Cool season turfgrasses

Since each fescue plant is so small the seeding rate
 is fairly high, 5 lb/1000sf, to get good coverage.
Tall fescue is a good choice for high traffic sunny areas, but this is not a North American species.  Since my focus is on using native vegetation and natural appearance, I am using a mostly native fine fescue blend. (Eco-grass from Prairie Moon) of red and creeping fescues for the shadier areas.  In the wilder areas I am trying a blend of native grass species.  This is an experiment to see if I can get good cover with these prairie species used in a lawn-like environment.  However, a prairie is managed much differently than a lawn and there is a good chance that this approach will not be successful.  Many of these native grasses need a year or two to put down roots before top growth takes off.  Ideally these species should be allowed to mature for a season or two before they get chopped back, by mowing or grazing.

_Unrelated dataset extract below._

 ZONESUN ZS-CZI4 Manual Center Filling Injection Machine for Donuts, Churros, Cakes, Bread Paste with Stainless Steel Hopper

For sowing, I first used an iron rake to clear out the stiltgrass thatch.  (Looking back, if had done this in early September I could have limited the stiltgrass seed production even more.)  This also loosened the soil surface.  Then I broadcasted the seed.  Finally I used the flat edge of the rake to push the seed in closer contact with the soil.  To get good germination and establishment of the seedlings the ground should be kept moist.  I usually try to time fall seeding with the weather forecast to take advantage of rainfall to get the grass started.

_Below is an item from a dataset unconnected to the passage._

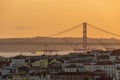 Lisbon City and 25th April Bridge at Sunset. Portugal Royalty Free Stock Photo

About 10 days after seeding with Eco Grass a fine green haze is covering this previously barren area.
Most commercial turf grass blends contain annual and perennial ryes which are fast growing and fill in quickly.  The fine fescues used here do not grow as quickly and it will take longer to have that full look.

Native Grasses

With that in mind I decided to try this as an experiment.  I selected species that tolerate grazing, where they would be eaten back to 3-5 inches, since mowing it is a similar action.  Since I am fall sowing I selected mostly cool season grasses, with the hope that they will get established before the stiltgrass germinates in the spring.  Also, there are warm season species in the mixture to try and fill in the gaps when the weather warms.  The grasses I selected where mostly native to Maryland or the mid-Atlantic region.

Botanical Name
Sun mix ratio
Shade mix ratio
Canada rye
Elymus canadensis
Virginia rye
Elymus virginicus
Side Oats Grama
Bouteloua curtipendula
June Grass
Koeleria macrantha
Fall or Beaked Panicgrass
Panicum anceps
White clover
Dalea candida

I made up two seed blends one for full sun and the other for part shade.  The majority of the seeds are cool season grasses.  The weight ratios for each are listed in the table above.  When making up a seed blend you need to account for the number of seed per pound and the seed viability, usually listed as pure live seed (PLS) which is seed purity times the germination rate.  This is my first time trying this so I can't be sure that it will work.  I did put some seed into a new meadow area that will not be mowed regularly.  This will serve as my 'control' group.

A better way to sow these native grass seed would be to use a seed drill and put them in 1/4 to 1/2 inch deep.  Instead, I sowed them the same as I did for the fine fescue, but at a much lower rate (pounds/sf).  The recommended rate for Eco Grass is 5 lbs/1,000 sf while for Canada rye it is on the order of 3 oz/1,000 sf.  Since the ryes and other native grasses are much larger plants when mature, compared to a single fescue plant, it takes only a few seeds to get the same coverage.

June grass has a seed similar fescue is size;
however, the resulting plant is much larger

Side oats grama has a lot of husks included, but
these are accounted for in the PLS calculation  

Virginia and Canada ryes look similar.  

If I don't see sufficient germination by next spring I will go back to a standard turf grass blend.  It's better to fill in with something than leave space for stiltgrass.

15 days after seeding I'm seeing some new grass growth in some of the sunnier areas.
The shade areas are not showing definitive signs of new grasses.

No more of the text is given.